━━━ DATA IN THIS EXERCISE ━━━
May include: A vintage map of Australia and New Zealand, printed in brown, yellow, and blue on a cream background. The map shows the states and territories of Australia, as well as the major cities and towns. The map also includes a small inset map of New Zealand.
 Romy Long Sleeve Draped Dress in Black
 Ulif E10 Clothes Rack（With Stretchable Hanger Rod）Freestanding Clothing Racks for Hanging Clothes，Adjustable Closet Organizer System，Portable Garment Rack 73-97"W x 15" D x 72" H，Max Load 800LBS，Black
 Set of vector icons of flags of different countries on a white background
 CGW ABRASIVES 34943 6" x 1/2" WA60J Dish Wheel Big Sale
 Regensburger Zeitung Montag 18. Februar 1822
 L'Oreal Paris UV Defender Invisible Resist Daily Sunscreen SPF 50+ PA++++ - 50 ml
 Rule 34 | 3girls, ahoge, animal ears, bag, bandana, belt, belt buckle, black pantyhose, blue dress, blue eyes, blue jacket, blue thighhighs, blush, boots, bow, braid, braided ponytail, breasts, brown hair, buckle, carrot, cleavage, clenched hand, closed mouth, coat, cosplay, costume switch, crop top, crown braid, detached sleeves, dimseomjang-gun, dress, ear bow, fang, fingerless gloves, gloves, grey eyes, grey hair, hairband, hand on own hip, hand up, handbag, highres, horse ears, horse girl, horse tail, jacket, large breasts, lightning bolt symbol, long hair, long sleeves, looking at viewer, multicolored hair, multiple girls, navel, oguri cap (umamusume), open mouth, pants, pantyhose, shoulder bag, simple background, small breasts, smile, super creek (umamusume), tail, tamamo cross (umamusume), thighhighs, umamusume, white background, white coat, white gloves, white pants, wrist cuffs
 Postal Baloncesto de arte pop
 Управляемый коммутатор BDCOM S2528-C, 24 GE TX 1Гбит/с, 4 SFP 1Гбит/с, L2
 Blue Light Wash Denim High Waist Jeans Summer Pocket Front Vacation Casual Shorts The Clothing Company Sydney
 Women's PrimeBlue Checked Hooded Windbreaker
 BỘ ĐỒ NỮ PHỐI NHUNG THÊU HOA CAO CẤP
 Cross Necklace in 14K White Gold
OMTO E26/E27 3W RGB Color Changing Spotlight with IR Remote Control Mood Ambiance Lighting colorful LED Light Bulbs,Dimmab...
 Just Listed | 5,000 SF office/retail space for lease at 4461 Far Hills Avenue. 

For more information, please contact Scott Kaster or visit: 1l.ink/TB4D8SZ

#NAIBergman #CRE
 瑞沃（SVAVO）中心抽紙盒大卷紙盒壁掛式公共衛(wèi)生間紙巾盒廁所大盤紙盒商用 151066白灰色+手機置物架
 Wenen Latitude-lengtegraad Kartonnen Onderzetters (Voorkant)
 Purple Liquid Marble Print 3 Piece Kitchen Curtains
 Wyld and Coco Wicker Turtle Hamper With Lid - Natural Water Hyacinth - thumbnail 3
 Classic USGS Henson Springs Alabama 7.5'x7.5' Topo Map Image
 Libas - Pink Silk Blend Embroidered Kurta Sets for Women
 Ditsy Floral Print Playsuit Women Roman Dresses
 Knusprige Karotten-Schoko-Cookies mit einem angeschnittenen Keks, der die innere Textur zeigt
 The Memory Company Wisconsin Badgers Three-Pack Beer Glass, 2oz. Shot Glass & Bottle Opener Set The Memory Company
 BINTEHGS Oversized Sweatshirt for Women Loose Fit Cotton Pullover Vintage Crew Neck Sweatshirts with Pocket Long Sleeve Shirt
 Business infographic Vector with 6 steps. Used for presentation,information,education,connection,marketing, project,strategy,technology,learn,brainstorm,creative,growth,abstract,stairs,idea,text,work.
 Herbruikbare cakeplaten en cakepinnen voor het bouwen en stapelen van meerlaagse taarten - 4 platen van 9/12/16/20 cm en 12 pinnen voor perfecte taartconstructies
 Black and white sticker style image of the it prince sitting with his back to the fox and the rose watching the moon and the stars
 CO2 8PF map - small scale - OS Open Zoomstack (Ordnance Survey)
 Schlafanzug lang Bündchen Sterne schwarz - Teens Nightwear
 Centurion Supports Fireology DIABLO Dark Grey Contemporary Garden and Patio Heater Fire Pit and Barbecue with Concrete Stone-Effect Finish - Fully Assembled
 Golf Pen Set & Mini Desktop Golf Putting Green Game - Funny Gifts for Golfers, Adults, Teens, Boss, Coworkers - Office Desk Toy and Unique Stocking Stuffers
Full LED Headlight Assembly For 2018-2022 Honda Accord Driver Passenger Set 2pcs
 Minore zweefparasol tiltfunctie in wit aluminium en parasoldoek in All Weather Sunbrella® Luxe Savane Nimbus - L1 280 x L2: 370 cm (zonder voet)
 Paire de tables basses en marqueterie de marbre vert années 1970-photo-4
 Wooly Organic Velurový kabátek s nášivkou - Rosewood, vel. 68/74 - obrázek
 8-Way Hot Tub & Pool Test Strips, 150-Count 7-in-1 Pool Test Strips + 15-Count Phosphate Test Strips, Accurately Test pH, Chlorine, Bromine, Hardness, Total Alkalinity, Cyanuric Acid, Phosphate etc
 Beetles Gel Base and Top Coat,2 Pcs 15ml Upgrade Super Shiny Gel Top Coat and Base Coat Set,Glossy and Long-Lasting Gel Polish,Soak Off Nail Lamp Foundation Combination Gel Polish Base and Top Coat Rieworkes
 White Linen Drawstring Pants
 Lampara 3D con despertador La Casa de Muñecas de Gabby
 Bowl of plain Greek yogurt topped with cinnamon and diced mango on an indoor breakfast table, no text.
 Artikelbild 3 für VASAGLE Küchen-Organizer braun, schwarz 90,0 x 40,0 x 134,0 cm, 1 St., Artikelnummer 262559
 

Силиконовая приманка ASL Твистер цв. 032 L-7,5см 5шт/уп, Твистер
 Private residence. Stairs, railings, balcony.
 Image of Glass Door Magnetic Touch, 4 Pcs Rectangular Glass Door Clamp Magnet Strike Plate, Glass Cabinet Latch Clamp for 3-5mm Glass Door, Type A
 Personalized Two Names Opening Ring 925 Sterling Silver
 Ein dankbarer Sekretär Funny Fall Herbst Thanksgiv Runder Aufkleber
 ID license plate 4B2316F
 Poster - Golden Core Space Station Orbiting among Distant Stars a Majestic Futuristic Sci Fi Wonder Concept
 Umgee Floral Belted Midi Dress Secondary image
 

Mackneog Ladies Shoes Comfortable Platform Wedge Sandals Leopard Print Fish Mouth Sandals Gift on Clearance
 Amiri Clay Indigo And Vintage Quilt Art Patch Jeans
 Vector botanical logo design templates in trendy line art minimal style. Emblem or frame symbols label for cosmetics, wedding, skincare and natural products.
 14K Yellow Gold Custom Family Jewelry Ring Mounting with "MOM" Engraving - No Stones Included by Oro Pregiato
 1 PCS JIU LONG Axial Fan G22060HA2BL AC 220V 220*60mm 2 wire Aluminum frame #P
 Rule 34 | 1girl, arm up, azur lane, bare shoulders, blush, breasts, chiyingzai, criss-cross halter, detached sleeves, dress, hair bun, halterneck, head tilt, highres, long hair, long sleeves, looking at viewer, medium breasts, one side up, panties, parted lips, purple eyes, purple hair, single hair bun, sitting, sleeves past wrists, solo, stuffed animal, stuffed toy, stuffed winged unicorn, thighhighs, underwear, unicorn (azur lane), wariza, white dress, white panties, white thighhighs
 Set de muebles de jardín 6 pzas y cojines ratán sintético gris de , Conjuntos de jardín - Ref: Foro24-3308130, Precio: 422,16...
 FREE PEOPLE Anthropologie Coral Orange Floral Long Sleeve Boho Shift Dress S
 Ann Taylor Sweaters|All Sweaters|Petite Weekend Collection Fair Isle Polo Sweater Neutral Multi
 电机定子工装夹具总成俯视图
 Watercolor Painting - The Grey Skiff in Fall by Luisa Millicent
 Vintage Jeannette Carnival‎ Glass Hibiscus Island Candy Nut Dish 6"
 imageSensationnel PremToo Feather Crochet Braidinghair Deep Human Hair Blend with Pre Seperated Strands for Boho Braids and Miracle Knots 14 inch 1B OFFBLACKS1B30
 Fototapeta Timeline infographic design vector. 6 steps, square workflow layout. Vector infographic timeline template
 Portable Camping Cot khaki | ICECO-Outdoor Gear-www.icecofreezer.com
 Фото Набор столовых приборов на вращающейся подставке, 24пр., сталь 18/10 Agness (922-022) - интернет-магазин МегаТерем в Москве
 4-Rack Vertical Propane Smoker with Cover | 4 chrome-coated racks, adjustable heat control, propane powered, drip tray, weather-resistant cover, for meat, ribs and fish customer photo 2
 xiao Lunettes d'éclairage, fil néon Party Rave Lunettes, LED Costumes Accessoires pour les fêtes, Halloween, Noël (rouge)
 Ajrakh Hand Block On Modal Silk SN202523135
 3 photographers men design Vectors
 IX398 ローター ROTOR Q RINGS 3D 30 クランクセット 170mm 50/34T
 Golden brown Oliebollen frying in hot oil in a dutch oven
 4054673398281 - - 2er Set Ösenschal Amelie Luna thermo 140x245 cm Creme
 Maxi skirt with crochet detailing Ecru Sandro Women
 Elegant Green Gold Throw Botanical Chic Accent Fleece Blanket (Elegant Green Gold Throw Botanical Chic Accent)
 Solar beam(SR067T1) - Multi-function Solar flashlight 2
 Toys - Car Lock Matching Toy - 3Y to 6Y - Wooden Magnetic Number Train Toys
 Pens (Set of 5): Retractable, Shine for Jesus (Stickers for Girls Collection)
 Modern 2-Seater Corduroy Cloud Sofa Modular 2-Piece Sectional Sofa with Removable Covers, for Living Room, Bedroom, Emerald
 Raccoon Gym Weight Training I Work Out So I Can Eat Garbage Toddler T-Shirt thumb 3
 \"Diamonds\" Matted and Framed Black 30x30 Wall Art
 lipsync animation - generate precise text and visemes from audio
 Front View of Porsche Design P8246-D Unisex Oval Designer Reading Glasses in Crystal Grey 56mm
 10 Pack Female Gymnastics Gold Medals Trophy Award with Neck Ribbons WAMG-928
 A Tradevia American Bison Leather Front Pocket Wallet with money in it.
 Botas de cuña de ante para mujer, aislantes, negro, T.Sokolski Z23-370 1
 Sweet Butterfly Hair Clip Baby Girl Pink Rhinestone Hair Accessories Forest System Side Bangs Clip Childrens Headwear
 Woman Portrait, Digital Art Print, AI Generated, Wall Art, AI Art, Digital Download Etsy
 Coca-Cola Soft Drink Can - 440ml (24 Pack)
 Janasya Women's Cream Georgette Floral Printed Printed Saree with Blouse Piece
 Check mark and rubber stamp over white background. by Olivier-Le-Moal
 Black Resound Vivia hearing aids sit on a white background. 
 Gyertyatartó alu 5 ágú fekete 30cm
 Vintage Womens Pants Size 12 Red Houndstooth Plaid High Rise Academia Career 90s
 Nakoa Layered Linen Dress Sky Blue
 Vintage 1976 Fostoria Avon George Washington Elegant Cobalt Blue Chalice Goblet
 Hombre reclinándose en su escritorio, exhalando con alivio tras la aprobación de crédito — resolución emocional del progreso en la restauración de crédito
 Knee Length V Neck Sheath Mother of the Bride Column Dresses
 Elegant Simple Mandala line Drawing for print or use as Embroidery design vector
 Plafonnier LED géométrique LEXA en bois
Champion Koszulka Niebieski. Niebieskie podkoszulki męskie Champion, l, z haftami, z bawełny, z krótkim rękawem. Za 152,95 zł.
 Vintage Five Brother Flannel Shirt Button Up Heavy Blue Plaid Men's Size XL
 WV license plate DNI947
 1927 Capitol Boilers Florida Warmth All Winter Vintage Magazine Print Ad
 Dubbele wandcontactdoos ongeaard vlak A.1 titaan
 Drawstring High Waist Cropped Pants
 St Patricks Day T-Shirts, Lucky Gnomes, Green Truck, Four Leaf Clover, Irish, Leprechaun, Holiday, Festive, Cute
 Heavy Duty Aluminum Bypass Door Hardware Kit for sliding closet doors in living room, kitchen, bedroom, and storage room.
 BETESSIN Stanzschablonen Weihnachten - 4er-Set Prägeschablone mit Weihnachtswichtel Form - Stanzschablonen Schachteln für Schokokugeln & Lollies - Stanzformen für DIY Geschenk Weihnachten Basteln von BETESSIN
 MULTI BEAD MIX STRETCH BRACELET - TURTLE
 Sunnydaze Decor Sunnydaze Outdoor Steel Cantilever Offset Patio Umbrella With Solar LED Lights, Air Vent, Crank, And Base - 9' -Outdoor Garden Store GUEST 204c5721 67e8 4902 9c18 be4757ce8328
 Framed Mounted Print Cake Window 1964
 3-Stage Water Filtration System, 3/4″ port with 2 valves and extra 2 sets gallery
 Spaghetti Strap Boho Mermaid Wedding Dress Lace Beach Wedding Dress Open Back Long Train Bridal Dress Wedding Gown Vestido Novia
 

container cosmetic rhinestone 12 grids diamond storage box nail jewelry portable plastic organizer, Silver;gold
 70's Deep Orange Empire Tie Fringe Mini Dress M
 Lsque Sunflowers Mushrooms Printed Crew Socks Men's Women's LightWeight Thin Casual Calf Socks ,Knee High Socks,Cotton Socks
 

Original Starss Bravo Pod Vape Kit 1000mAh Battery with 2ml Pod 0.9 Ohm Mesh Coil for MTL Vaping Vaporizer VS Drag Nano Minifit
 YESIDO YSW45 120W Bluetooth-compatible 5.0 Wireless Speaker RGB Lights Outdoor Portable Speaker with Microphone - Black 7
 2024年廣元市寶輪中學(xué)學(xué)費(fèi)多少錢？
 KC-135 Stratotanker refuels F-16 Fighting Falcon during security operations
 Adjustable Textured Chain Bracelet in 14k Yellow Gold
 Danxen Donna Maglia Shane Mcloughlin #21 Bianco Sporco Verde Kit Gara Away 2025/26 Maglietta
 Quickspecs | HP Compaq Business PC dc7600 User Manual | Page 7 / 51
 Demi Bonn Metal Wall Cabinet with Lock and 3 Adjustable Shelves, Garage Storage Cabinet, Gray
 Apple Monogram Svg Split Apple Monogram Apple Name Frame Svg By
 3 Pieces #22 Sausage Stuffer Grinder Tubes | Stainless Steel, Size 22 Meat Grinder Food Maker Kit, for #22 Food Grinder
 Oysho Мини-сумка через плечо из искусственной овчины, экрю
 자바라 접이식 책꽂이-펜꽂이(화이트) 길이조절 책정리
━━━
WHAT YOU SHOULD DO
Look in the material above for the line with "Elegant Green Gold Throw Botanical Chic Accent Fleece" and the line with "Champion Koszulka Niebieski.", and transcribe exactly those lines and all lines between them, nothing more.

RESPONSE BOX
 Elegant Green Gold Throw Botanical Chic Accent Fleece Blanket (Elegant Green Gold Throw Botanical Chic Accent)
 Solar beam(SR067T1) - Multi-function Solar flashlight 2
 Toys - Car Lock Matching Toy - 3Y to 6Y - Wooden Magnetic Number Train Toys
 Pens (Set of 5): Retractable, Shine for Jesus (Stickers for Girls Collection)
 Modern 2-Seater Corduroy Cloud Sofa Modular 2-Piece Sectional Sofa with Removable Covers, for Living Room, Bedroom, Emerald
 Raccoon Gym Weight Training I Work Out So I Can Eat Garbage Toddler T-Shirt thumb 3
 \"Diamonds\" Matted and Framed Black 30x30 Wall Art
 lipsync animation - generate precise text and visemes from audio
 Front View of Porsche Design P8246-D Unisex Oval Designer Reading Glasses in Crystal Grey 56mm
 10 Pack Female Gymnastics Gold Medals Trophy Award with Neck Ribbons WAMG-928
 A Tradevia American Bison Leather Front Pocket Wallet with money in it.
 Botas de cuña de ante para mujer, aislantes, negro, T.Sokolski Z23-370 1
 Sweet Butterfly Hair Clip Baby Girl Pink Rhinestone Hair Accessories Forest System Side Bangs Clip Childrens Headwear
 Woman Portrait, Digital Art Print, AI Generated, Wall Art, AI Art, Digital Download Etsy
 Coca-Cola Soft Drink Can - 440ml (24 Pack)
 Janasya Women's Cream Georgette Floral Printed Printed Saree with Blouse Piece
 Check mark and rubber stamp over white background. by Olivier-Le-Moal
 Black Resound Vivia hearing aids sit on a white background. 
 Gyertyatartó alu 5 ágú fekete 30cm
 Vintage Womens Pants Size 12 Red Houndstooth Plaid High Rise Academia Career 90s
 Nakoa Layered Linen Dress Sky Blue
 Vintage 1976 Fostoria Avon George Washington Elegant Cobalt Blue Chalice Goblet
 Hombre reclinándose en su escritorio, exhalando con alivio tras la aprobación de crédito — resolución emocional del progreso en la restauración de crédito
 Knee Length V Neck Sheath Mother of the Bride Column Dresses
 Elegant Simple Mandala line Drawing for print or use as Embroidery design vector
 Plafonnier LED géométrique LEXA en bois
Champion Koszulka Niebieski. Niebieskie podkoszulki męskie Champion, l, z haftami, z bawełny, z krótkim rękawem. Za 152,95 zł.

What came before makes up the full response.